The small island is worth visiting as a tourist, and you can get involved with all sorts of fun family-friendly activities, such as water sports, pearl-­diving, fishing and volleyball. Refuel at the restaurant and bar, and then head back to the main island, or spend the night in one of the modern, comfortable chalets on Aldar. Prices to get there start from 5 Bahraini dinars (Dh50) for adults and Bd2 for children older than five years. It's free for the younger ones

Wander around the Bahrain Fort

Riffa, Ar Rifa and Southern, Bahrain, Middle East. Getty Images
The eponymous fort in the city of Riffa. Getty 

Bahrain's first Unesco World Heritage Site was Qal'at Al Bahrain, also known as the Bahrain or Portuguese Fort. This 3,000-year-old archaeological site is where hundreds of antiquities and treasures have been unearthed over the past century.

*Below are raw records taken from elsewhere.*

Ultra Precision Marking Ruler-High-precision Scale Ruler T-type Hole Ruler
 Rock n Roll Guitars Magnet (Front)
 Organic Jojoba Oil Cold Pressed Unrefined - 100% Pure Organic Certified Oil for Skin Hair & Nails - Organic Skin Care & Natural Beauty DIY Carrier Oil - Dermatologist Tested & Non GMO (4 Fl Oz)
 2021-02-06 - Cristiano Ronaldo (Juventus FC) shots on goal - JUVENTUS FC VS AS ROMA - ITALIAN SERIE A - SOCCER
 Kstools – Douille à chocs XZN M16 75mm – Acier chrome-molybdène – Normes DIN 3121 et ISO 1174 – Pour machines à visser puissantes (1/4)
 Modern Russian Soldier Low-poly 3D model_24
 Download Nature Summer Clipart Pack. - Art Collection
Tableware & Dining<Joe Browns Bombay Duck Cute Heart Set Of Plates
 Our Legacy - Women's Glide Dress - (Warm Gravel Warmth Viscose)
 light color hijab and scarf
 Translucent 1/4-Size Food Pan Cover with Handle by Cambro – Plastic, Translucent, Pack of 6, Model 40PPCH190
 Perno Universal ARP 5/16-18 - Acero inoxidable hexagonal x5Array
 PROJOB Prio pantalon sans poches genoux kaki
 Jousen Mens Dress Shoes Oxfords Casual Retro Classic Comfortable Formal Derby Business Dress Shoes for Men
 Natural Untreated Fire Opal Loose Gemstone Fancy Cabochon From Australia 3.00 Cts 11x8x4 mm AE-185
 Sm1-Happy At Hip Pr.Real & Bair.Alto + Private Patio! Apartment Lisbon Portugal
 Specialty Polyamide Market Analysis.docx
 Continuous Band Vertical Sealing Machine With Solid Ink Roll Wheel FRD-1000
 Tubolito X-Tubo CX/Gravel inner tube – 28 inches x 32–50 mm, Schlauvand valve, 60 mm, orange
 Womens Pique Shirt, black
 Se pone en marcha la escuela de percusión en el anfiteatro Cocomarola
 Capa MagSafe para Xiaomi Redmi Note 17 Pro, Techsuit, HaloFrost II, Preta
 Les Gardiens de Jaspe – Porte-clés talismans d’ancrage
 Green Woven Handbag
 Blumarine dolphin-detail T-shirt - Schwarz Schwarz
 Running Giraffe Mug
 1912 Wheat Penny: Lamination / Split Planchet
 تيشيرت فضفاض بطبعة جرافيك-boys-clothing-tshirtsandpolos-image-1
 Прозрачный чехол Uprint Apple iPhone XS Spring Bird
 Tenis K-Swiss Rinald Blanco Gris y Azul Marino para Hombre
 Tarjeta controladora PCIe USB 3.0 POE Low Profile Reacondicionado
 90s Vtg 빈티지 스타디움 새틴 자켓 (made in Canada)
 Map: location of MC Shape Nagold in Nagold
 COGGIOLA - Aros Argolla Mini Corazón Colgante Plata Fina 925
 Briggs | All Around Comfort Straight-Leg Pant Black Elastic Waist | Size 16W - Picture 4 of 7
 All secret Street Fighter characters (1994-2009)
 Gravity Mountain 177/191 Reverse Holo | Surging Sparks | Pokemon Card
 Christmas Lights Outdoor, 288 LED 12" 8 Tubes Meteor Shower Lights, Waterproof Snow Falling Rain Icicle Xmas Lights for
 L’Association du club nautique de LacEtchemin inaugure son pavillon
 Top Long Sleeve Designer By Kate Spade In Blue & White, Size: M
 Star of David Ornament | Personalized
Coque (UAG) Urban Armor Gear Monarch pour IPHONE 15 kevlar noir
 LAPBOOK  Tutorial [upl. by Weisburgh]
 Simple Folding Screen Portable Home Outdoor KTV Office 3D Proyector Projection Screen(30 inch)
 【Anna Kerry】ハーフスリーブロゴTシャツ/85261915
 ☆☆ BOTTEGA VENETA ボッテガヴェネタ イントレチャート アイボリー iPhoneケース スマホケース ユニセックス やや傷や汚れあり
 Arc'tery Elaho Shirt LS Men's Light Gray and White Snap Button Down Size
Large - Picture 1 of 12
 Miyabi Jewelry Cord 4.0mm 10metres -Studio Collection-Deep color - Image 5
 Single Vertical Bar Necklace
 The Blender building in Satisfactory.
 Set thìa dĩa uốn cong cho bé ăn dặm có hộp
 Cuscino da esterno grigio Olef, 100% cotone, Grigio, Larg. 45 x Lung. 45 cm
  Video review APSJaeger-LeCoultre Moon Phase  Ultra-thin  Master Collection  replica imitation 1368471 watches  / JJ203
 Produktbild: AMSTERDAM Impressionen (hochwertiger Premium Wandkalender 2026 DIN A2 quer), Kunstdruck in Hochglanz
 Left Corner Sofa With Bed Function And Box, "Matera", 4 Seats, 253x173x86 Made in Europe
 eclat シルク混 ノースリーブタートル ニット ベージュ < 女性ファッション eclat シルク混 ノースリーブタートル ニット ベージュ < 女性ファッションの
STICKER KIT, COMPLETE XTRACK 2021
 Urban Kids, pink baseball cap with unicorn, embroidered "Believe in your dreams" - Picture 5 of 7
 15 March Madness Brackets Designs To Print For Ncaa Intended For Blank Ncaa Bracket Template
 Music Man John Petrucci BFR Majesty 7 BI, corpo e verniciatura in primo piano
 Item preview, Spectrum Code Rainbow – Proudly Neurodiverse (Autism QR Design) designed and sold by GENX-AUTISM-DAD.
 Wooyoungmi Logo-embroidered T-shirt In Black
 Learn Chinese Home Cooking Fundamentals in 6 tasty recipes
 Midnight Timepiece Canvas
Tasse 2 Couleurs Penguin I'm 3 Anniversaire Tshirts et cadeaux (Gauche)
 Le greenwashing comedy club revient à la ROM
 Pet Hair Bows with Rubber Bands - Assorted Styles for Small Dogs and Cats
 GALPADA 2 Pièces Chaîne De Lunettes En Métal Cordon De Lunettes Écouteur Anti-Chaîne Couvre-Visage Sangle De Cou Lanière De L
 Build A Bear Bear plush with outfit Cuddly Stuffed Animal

Wander around the ruins and then head to the nearby museum, which gives you an insight into the area, the landmark and the country's rich history. There's also a lovely little cafe there to pick up a coffee or a bite to eat, as well as a tiny souvenir shop.

Eat breakfast at Riffa Fort

Bahrain's forts are among the most beautiful in the region, and so a trip to the restored Riffa Fort never goes amiss. You can carefully tread through history here, but also pop into Saffron by Jena, where a traditional Bahraini breakfast – complete with balaleet, foul and balila – is served inside or on the terrace, which offers gorgeous views over the Hunanaiya Valley. Saffron cafe is a bit of an institution in Bahrain, and it also has a couple of other branches at well-known landmarks in the country, including the Manama Souq and on the Muharraq Pearling Trail. This one is our favourite, though.

Take in the arts scene

At any time of year, Bahrain has a unique and interesting arts scene for visitors to enjoy, with a wide range of small galleries on offer, such as Albareh Art Gallery and La Fontaine Centre of Contemporary Art, showcasing works by local and regional artists. This weekend is a particularly good time to pay them a visit if you're into the arts, as the annual Spring of Culture Festival coincides with the Formula One racing. Grammy Award-­winning rocker Steve Winwood will perform tonight in Bahrain Bay, while tomorrow evening Scottish musician Scott Booth will take to the stage at the Cultural Hall, a performing arts theatre located not far from the Bahrain National Museum (this is well worth a visit too, if you have the time to stop by). Also on the agenda this weekend is the Bahrain Annual Fine Arts Exhibition, which is being held at the stalwart Ritz-Carlton hotel.